At Jarislowsky Fraser (JFL), we value TCFD-aligned corporate reporting as part of our investment process. JFL has been a trusted institutional investor for many decades, and we believe our fiduciary duty is to consider all the material risks associated with investments that we make on behalf of clients – and climate change brings with it the gamut of risks and opportunities affecting the strategy and resilience of a business. A ‘finance-only’ perspective in corporate reporting is, therefore, too narrow in scope and depth. As long-term stewards of our clients’ capital, JFL believes in understanding how companies are managing their exposure to climate change risks and opportunities. We also recently published our inaugural report on how we’re monitoring and managing climate risk on behalf of our clients.

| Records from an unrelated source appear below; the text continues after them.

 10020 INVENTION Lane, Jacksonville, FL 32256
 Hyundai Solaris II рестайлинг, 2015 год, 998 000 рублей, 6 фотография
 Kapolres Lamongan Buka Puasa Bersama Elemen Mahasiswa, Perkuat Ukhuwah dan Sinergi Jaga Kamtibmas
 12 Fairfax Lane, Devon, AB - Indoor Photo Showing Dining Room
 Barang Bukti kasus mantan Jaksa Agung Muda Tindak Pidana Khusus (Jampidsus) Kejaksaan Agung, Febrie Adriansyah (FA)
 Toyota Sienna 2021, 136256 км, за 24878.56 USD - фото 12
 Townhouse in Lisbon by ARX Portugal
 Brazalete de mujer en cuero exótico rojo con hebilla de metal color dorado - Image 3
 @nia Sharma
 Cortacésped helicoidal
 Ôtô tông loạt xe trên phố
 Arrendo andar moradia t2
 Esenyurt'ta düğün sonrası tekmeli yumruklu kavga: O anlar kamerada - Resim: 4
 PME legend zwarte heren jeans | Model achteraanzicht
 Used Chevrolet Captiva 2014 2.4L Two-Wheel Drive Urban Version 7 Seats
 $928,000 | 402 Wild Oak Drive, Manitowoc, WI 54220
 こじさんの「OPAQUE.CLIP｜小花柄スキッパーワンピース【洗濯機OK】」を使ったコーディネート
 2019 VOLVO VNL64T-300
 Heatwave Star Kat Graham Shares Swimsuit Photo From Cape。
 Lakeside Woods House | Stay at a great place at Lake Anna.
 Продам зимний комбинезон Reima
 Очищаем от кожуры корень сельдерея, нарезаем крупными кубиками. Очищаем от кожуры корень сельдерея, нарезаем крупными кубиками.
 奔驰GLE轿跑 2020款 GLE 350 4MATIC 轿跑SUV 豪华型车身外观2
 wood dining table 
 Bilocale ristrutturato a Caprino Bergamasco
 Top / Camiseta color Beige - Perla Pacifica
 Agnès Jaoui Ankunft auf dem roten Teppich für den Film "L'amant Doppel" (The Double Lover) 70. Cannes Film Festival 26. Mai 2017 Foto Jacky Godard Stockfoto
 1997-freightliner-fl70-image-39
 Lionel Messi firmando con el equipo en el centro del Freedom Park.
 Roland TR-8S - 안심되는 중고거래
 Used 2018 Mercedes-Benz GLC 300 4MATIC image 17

What the TCFD brings is not just a long-term focus, but also a common framework to drive comparability and consistency. It’s a language for companies to discuss climate change, to weigh risks and to explore opportunities. It involves a number of ways to evaluate governance, business strategy, risk management, metrics and targets. It allows us to be better informed and equipped to engage with companies as well as investors, who are increasingly keen to understand how their capital is exposed to climate change.  

It’s also important to note that the TCFD considers the impact of climate change on a company’s performance rather than a company’s impact on the climate, making it a framework that is relevant across sectors. Of course, resource-based companies are among those on the front lines here. But we are also looking at sea changes in our society that could have a systemic impact on the broader economy, and society. To make better informed investing decisions, we need complete and robust performance data across all industries that measure how well businesses are adapting their technologies, practices and strategies to these new realities.

The TCFD guidelines are voluntary, and Boards should take a pragmatic approach, disclosing what they feel is relevant to their business and their investors. That said, the end goal for all companies should be the same: to put a clear lens on their organizational exposure and capacity to innovate, adapt and mitigate. There’s no single prescribed method for disclosure. Instead, companies should adopt the means that make the most sense for them with a focus on timeliness and the robust quality of the disclosure. From a user standpoint, many investors may start by looking to the Carbon Disclosure Project (CDP),the not-for-profit, as a one-stop, global, TCFD-aligned database for assessing environmental impact.

TCFD is gaining traction as the global standard. Here at home, CPA Canada is encouraging members of the accounting profession to familiarize themselves with the recommendations. The Government of Canada also signalled support for the TCFD in its 2019 budget, and the Bank of Canada included climate change risk for the first time in its 2019 Financial System Review, specifically pointing to the TCFD and its merits. It’s still early days for the framework, and there’s room for refinement. At JFL, we see this as a journey, but one that we must start. We encourage companies to do the same, as progress is more important than perfection.

Mark Fattedad, CFA is Director and Portfolio Manager, Institutional Management, Jarislowsky, Fraser Limited.